Still, Wagoner added, GM cannot afford to be diverted from big things that remain to be done. He said a small, skilled group of GM employees who have a lot of experience with alliances will look at possible benefits of a deal with Renault and Nissan.
Wagoner testified Thursday at a Senate hearing on health care costs. Afterwards, he discussed with reporters his views about his closely watched meeting, scheduled for Friday, with Carlos Ghosn, CEO of Renault SA and Nissan Motor Co. Ltd.
The face-to-face session is supposed to establish procedures the companies will follow in determining whether the three automakers should engage in some kind of affiliation.
Wagoner said options need to be considered thoughtfully, but the process should proceed "at a crisp pace." He insisted, as he has repeatedly since the idea of an alliance emerged late last month, that he has an open mind about the prospect.
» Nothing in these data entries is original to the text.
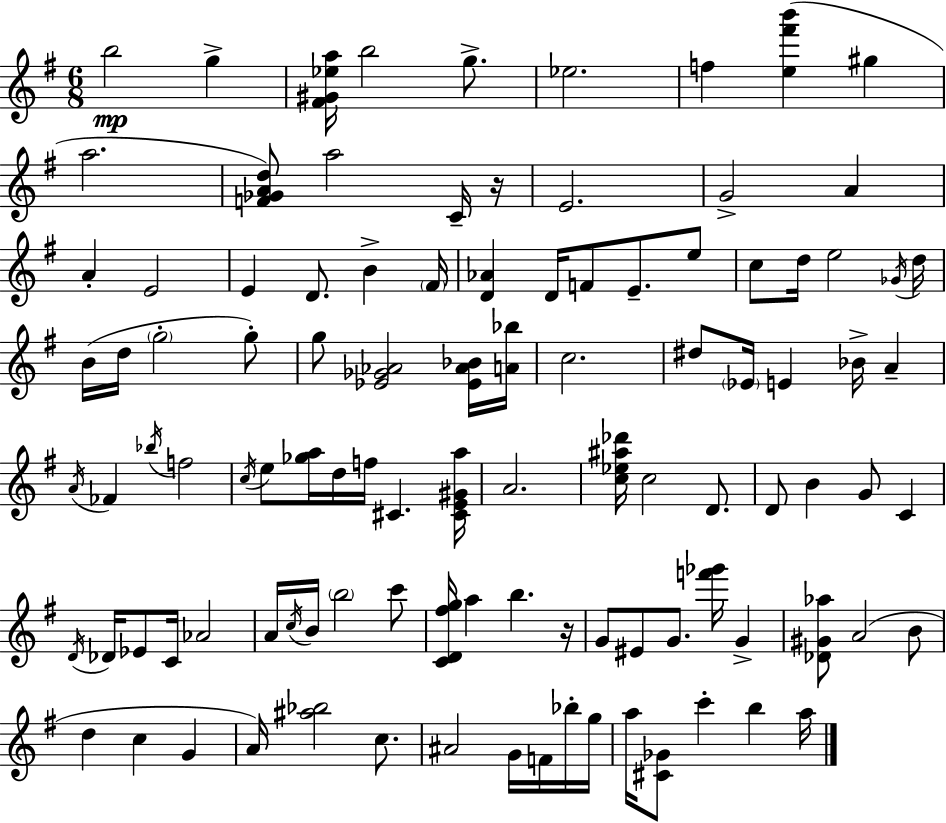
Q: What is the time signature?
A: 6/8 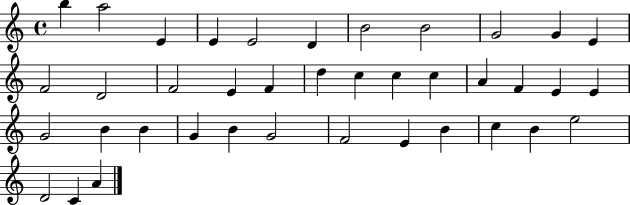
{
  \clef treble
  \time 4/4
  \defaultTimeSignature
  \key c \major
  b''4 a''2 e'4 | e'4 e'2 d'4 | b'2 b'2 | g'2 g'4 e'4 | \break f'2 d'2 | f'2 e'4 f'4 | d''4 c''4 c''4 c''4 | a'4 f'4 e'4 e'4 | \break g'2 b'4 b'4 | g'4 b'4 g'2 | f'2 e'4 b'4 | c''4 b'4 e''2 | \break d'2 c'4 a'4 | \bar "|."
}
But he also emphasized that a possible, even desirable, outcome could be no deal at all. He hinted that deals with other automakers are also possible.
"It's certainly possible that we'll get something that makes a lot of sense, but I don't think it's for certain," Wagoner said. "We have to do that work. So it's conceivable that we could come up with an endpoint that doesn't provide a basis for going forward.
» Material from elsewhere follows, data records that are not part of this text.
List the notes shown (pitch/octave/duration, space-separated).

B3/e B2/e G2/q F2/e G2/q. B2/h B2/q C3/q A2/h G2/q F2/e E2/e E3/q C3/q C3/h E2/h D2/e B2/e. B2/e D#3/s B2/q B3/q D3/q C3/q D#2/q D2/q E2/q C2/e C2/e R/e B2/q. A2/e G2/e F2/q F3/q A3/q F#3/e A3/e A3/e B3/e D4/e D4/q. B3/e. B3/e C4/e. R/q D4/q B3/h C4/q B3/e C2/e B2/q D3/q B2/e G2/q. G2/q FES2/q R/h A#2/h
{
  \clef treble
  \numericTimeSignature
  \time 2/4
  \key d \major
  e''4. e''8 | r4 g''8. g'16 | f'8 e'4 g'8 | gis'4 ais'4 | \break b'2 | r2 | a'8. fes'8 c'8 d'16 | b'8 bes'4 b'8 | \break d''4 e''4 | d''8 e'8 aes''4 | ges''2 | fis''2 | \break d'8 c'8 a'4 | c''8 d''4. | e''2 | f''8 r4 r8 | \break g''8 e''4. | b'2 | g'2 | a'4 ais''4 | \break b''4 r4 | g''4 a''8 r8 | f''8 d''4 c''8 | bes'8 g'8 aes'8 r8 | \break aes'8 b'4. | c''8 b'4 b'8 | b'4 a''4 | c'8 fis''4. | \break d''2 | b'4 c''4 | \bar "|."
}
"Could other things arise?" he said. "Sure, they could happen any time, but nothing else I can talk to you about today."
Investor Kirk Kerkorian's proposal for a GM-Nissan-Renault alliance has captured the interest of the auto industry and the news media. A small army of reporters and camera operators pursued Wagoner to ask about the possible corporate marriage.
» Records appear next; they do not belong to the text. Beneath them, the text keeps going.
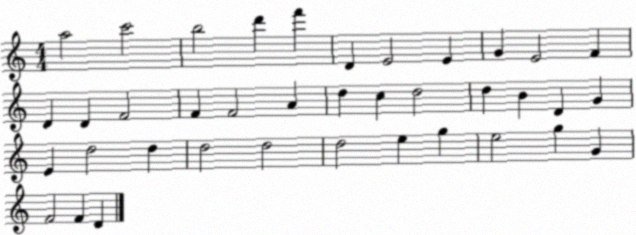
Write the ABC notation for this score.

X:1
T:Untitled
M:4/4
L:1/4
K:C
a2 c'2 b2 d' f' D E2 E G E2 F D D F2 F F2 A d c d2 d B D G E d2 d d2 d2 d2 e g e2 g G F2 F D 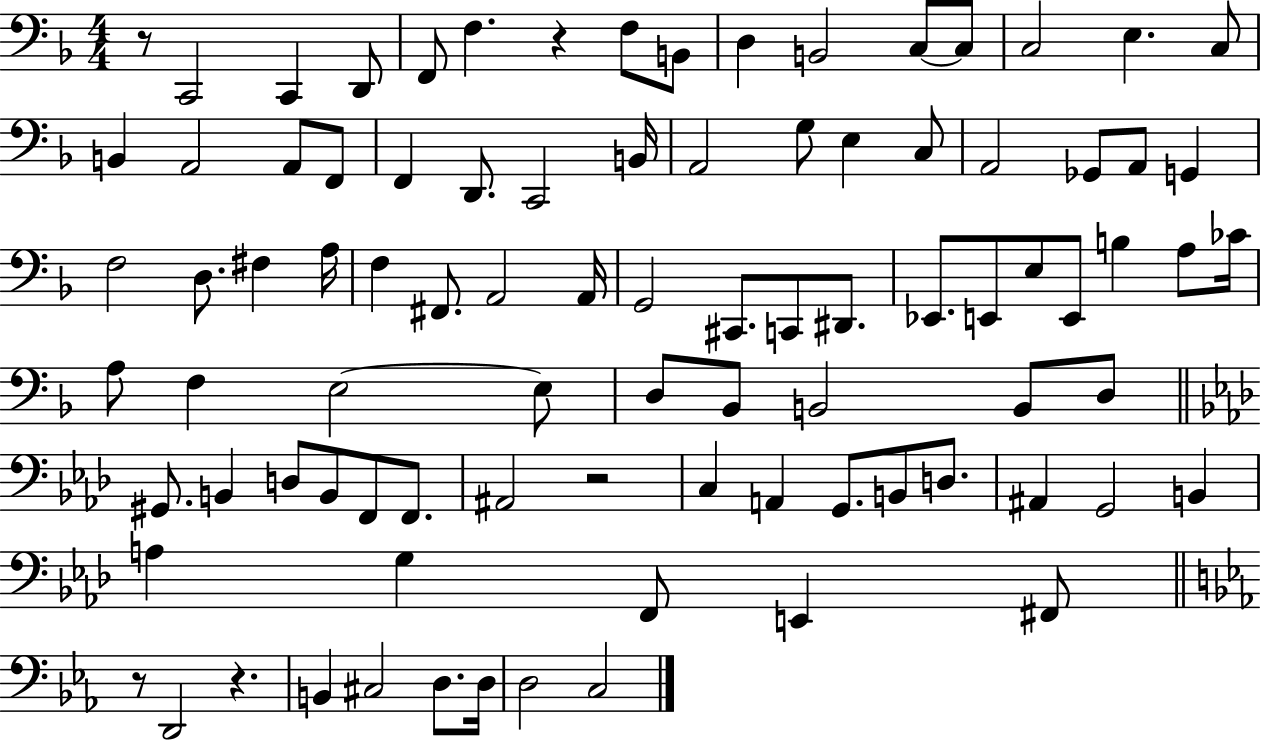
R/e C2/h C2/q D2/e F2/e F3/q. R/q F3/e B2/e D3/q B2/h C3/e C3/e C3/h E3/q. C3/e B2/q A2/h A2/e F2/e F2/q D2/e. C2/h B2/s A2/h G3/e E3/q C3/e A2/h Gb2/e A2/e G2/q F3/h D3/e. F#3/q A3/s F3/q F#2/e. A2/h A2/s G2/h C#2/e. C2/e D#2/e. Eb2/e. E2/e E3/e E2/e B3/q A3/e CES4/s A3/e F3/q E3/h E3/e D3/e Bb2/e B2/h B2/e D3/e G#2/e. B2/q D3/e B2/e F2/e F2/e. A#2/h R/h C3/q A2/q G2/e. B2/e D3/e. A#2/q G2/h B2/q A3/q G3/q F2/e E2/q F#2/e R/e D2/h R/q. B2/q C#3/h D3/e. D3/s D3/h C3/h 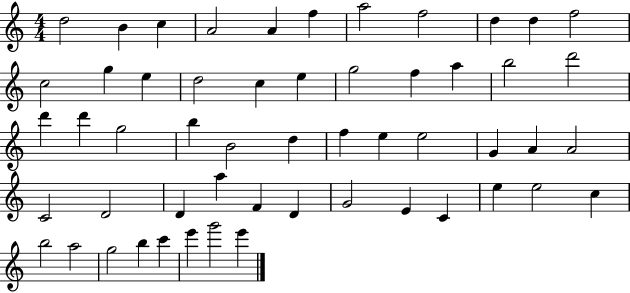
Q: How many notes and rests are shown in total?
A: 54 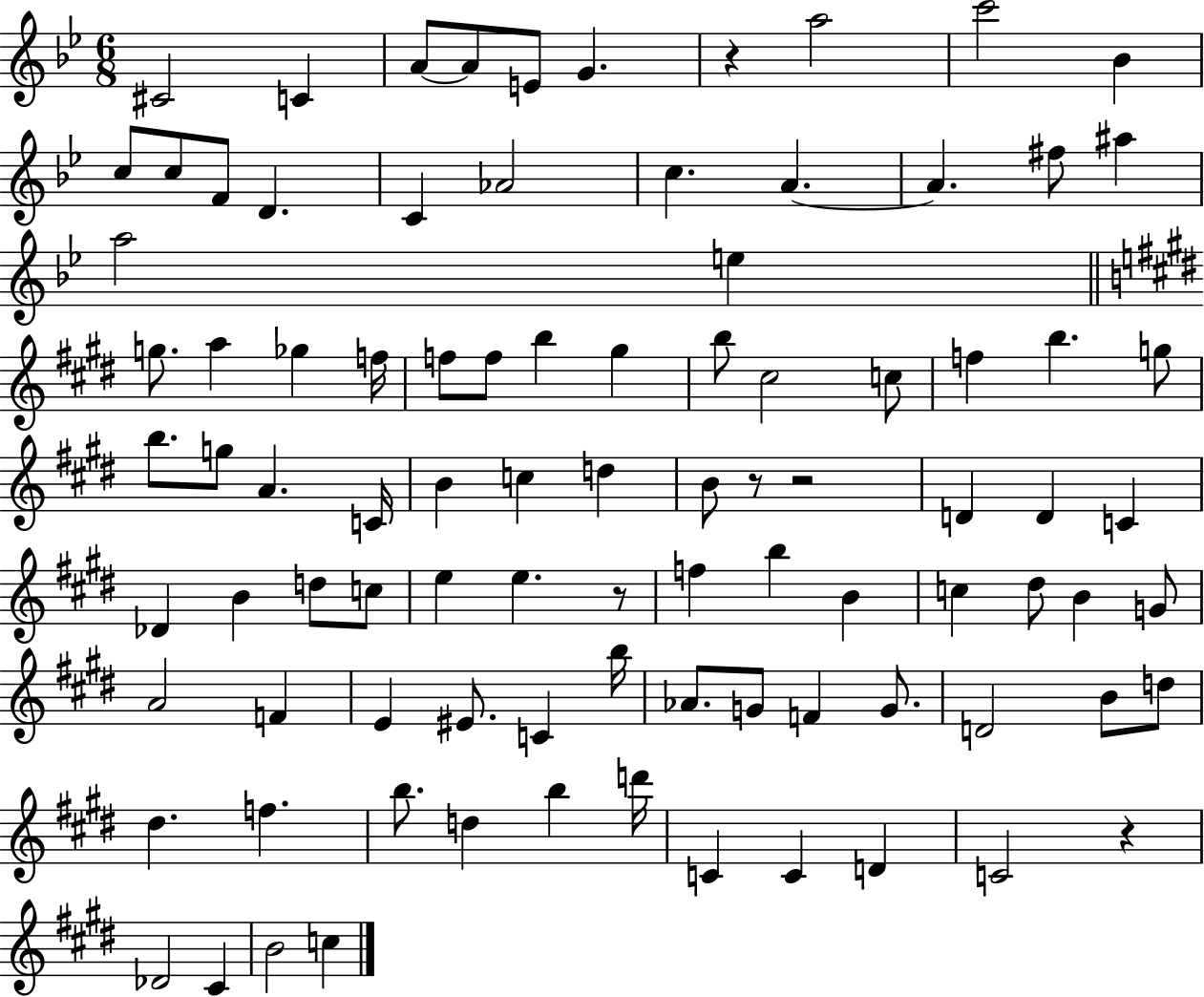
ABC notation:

X:1
T:Untitled
M:6/8
L:1/4
K:Bb
^C2 C A/2 A/2 E/2 G z a2 c'2 _B c/2 c/2 F/2 D C _A2 c A A ^f/2 ^a a2 e g/2 a _g f/4 f/2 f/2 b ^g b/2 ^c2 c/2 f b g/2 b/2 g/2 A C/4 B c d B/2 z/2 z2 D D C _D B d/2 c/2 e e z/2 f b B c ^d/2 B G/2 A2 F E ^E/2 C b/4 _A/2 G/2 F G/2 D2 B/2 d/2 ^d f b/2 d b d'/4 C C D C2 z _D2 ^C B2 c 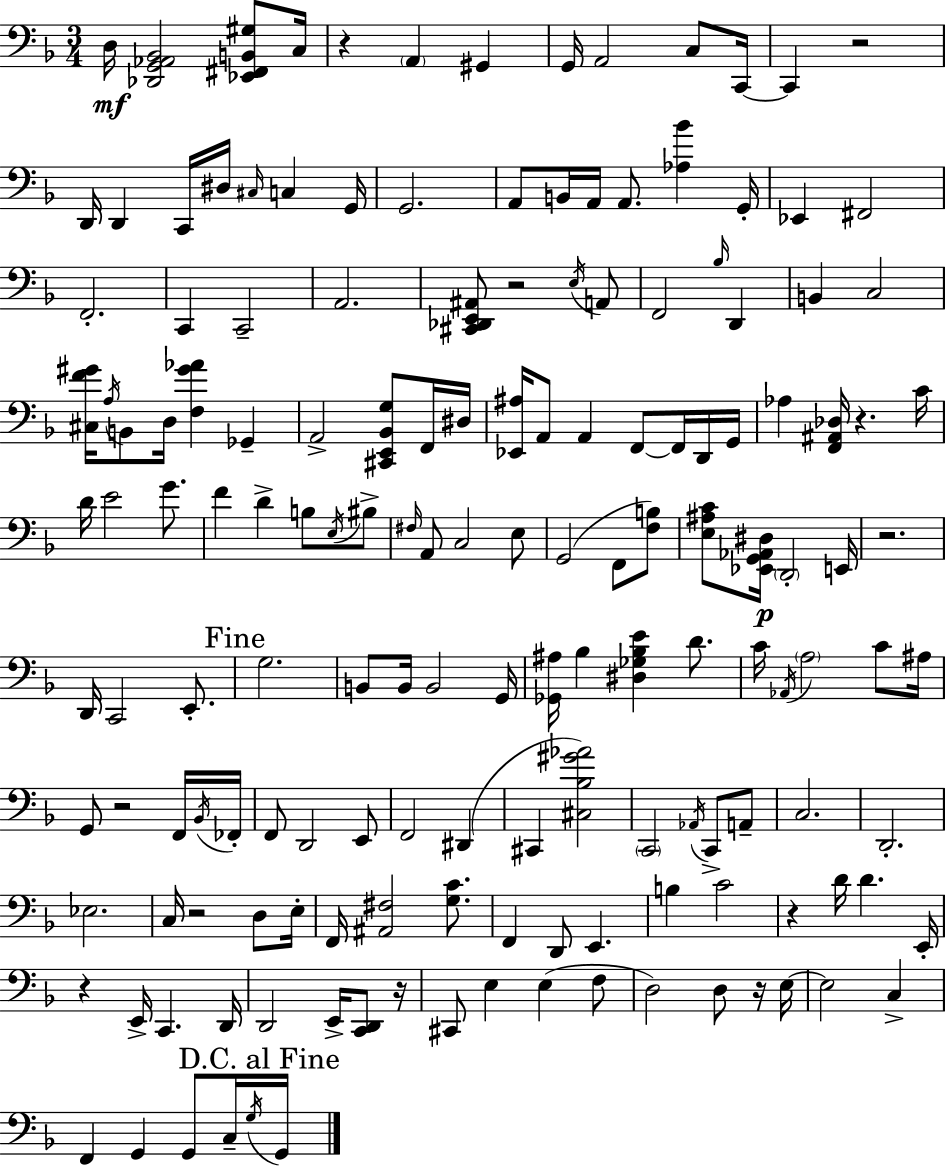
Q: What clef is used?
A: bass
Controlling health care costs
During the hearing conducted by the Senate Special Committee on Aging, Wagoner outlined steps GM has taken to control health care costs while trying to maintain quality.
The committee wants to determine whether lessons learned by companies, states and others could be applied to the giant, government-funded Medicaid program, which provides care to poor and disabled Americans.
A moment of drama appeared at hand when Sen. Hillary Rodham Clinton, D-N.Y., asked Wagoner why companies such as GM don't use their market and political influence to insist on comprehensive health care reform. But before he could complete his answer, Clinton left for the Senate floor.
Later, Wagoner told reporters that Americans remain divided about the elements of comprehensive reform. For now, he said, it is better to move incrementally on improvements that everyone accepts.